And then he comes along in chapter 4, and he says to us in verse 2, In that day the branch of the Lord shall be beautiful and glorious, and the fruit of the land shall be the pride and the honor of the survivors of Israel. You see, they're running along, but there's a branch. There's a plant that's protected, as it were. A branch that all of the survivors of Israel can run and hide in.
He goes on then to tell us in chapter 7 that it is Emmanuel, God with us, that it's the child who was born, whose name is Wonderful, Counselor, the Mighty God, the Everlasting Father, the Prince of Peace. It is after the storm of God's furious past. It is the shoot out of the stump of Jesse. You see, Isaiah saw and had a zeal for the glory of the message of God. Who is like our God? Who can save as our God saves?
Notice how Isaiah says it later in a couple of passages. Isaiah chapter 45, actually chapter 44. beginning at verse 6. Thus says the Lord, the King of Israel, and his Redeemer, the Lord of hosts, I am the first and I am the last. Beside me there is no God. Who is like me? Let him proclaim it. Let him declare and set it before me, since I appointed an ancient people. Let them declare what is to come and what will happen. Fear not, nor be afraid. Have I not told you from of old and declared it? And you are my witnesses. Is there a God beside me? There is no rock. I know not one."
Or as he says in Isaiah 45, Verse 21, the last part. Was it not I, the Lord, and there is no other God beside me, a righteous God and a Savior? There is none beside me.

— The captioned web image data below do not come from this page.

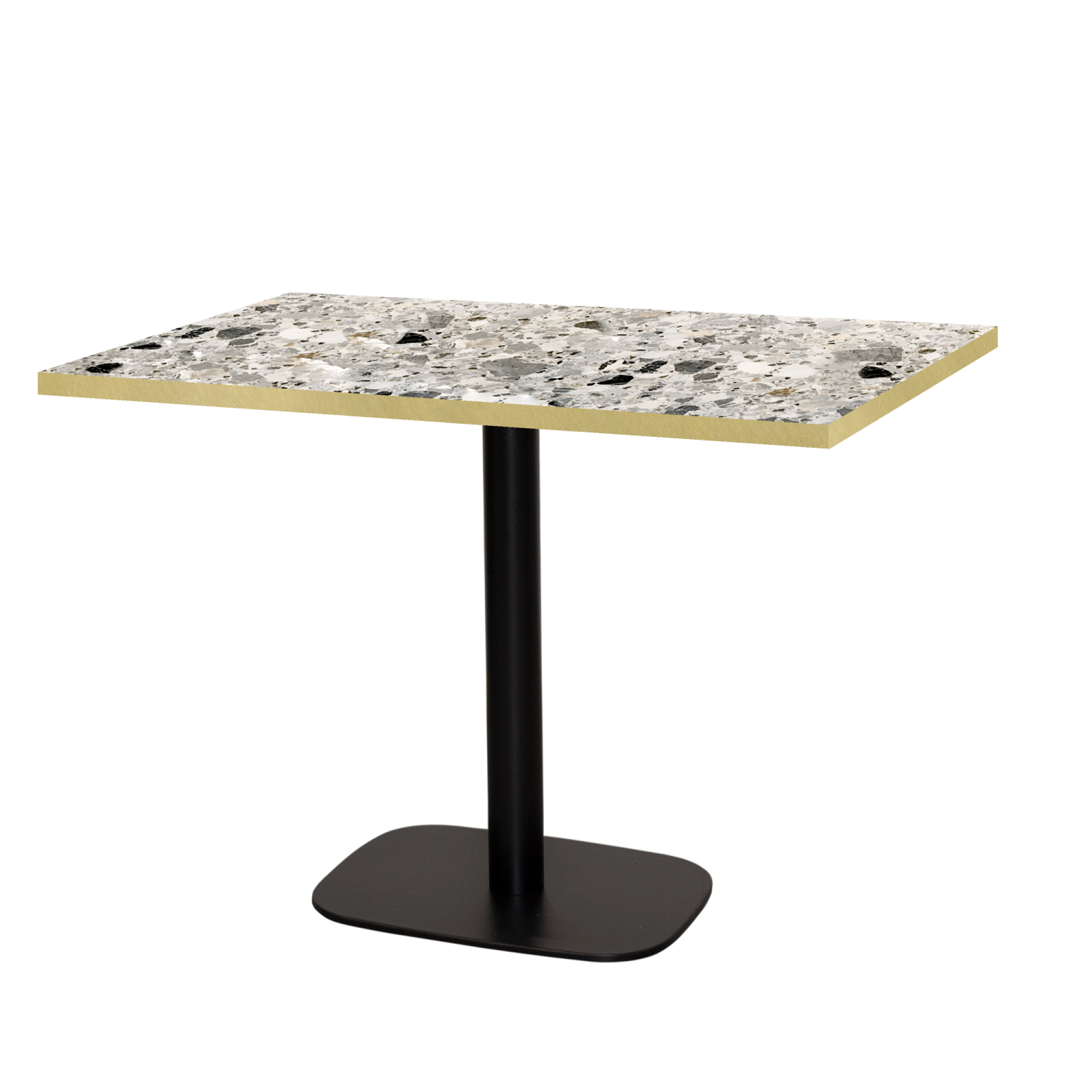 Table 120x70cm - modèle Round terrazzo cepp chants laiton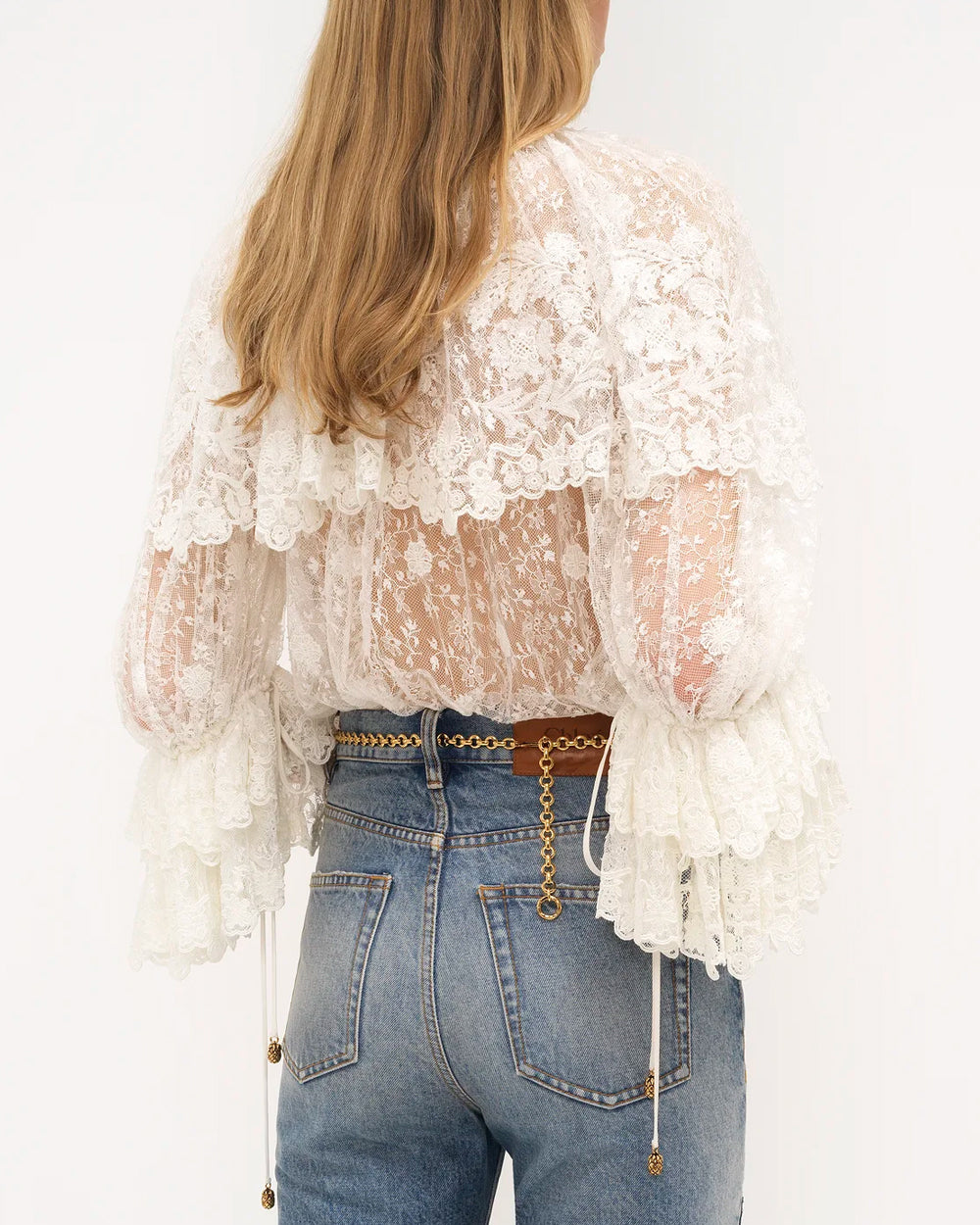 Iconic Milk Lace Ruffle Blouse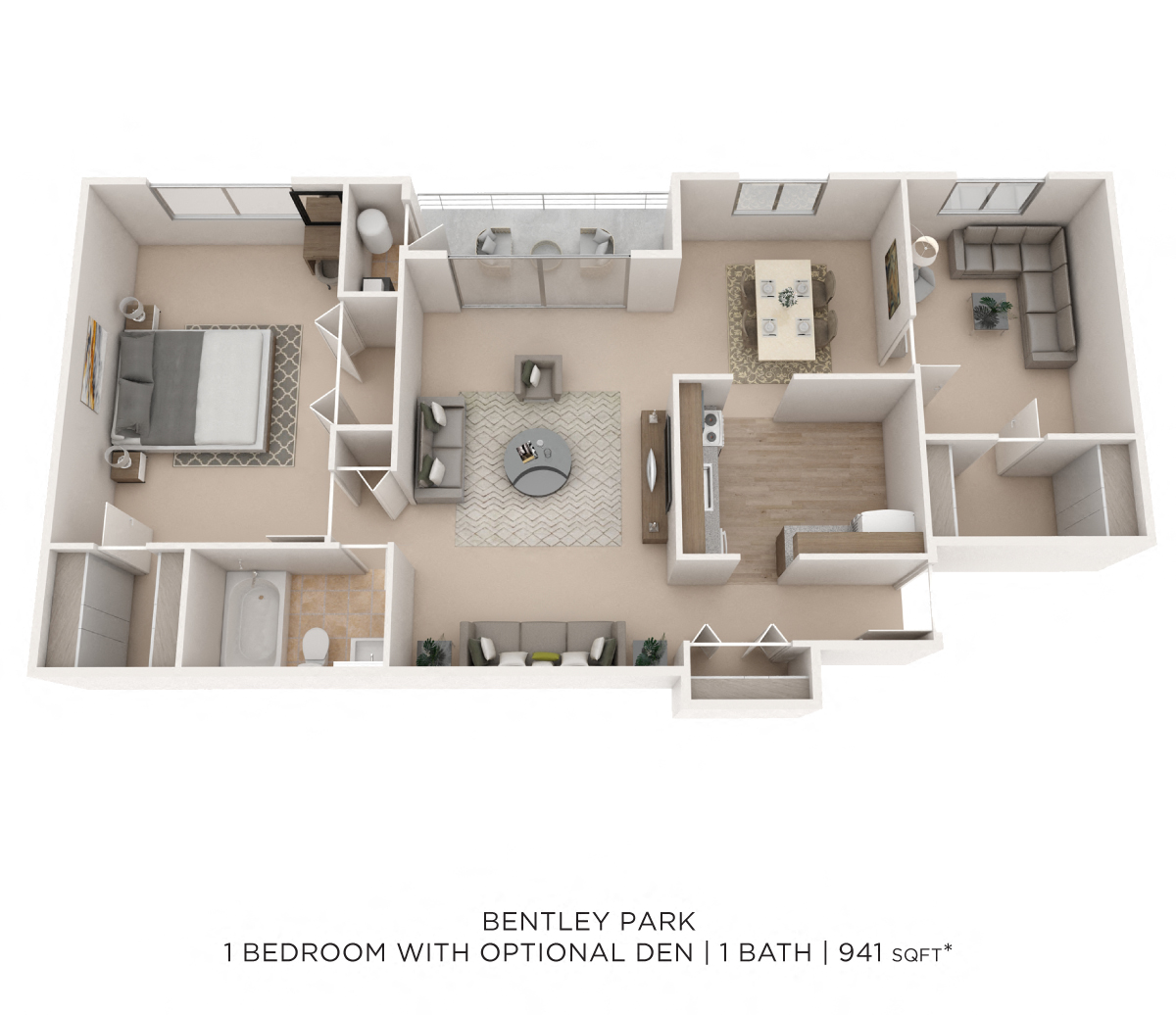 Floor plan for 1 bed, 1 bath, 941 sqft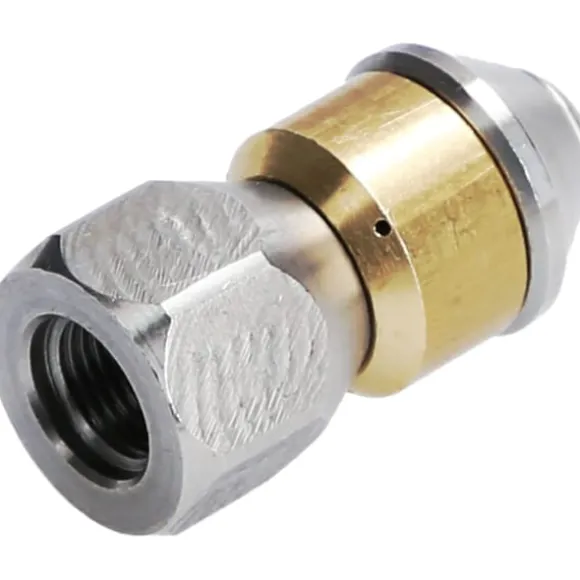 Roterande Munstycke för Trycktvätt, Rörrengöring, 1/8" IG Inlopp, 3 x 0,8 mm - 050, Rostfritt Stål/Mässing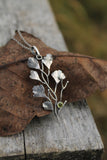 Maidenhair fern pendant Plant silver jewelry Forest necklace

You see, Isaiah understood the message of God. God's wrath and fury would come and it would burn across the face of the ground, but God would save His people. Because He's God. Because of who He is. And He has seen him. And He has seen His glory. And He has seen the glory of His work as He Himself had been lifted up. And He has seen the glory of His message. That all who would call upon the name of the Lord would be saved. He says it over and over again.
Come now and let us reason together. Though your sins be as scarlet, they shall be white as snow. Though they be like crimson, they shall be like wool. Hearken! Listen! Come! There is no God like unto our God. All the gods of this world are nothing but vanity of vanities. They have eyes, but they cannot see. They have ears, but they cannot hear.
And what was Isaiah's response to all of this? The Lord says, whom shall we send? Here I am, Lord, send me. Let me proclaim this word. Let me go out in the name of the living and true God. Let me announce the message to the nations. And oh, how we as pastors would love to see our congregations on a Sunday morning saying, send me, send me, I'll go. I'm ready, where do I sign? What line do I place my name on? What do I have to do? Please, send me. Let me tell of the glory of God and the work of salvation and proclaim this good message that our God reigns. Send me, Lord, let me go.
That's how God motivated Isaiah. And that's how you pastors will motivate your congregations. What do you need to do to motivate the congregations? Do you need to make them feel guilty? No. Do you need to tell them great stories? No. Do you need to beg and plead with them? No. What you must do, you must show them the glory of God's Christ. You must show them the glory of God's Christ.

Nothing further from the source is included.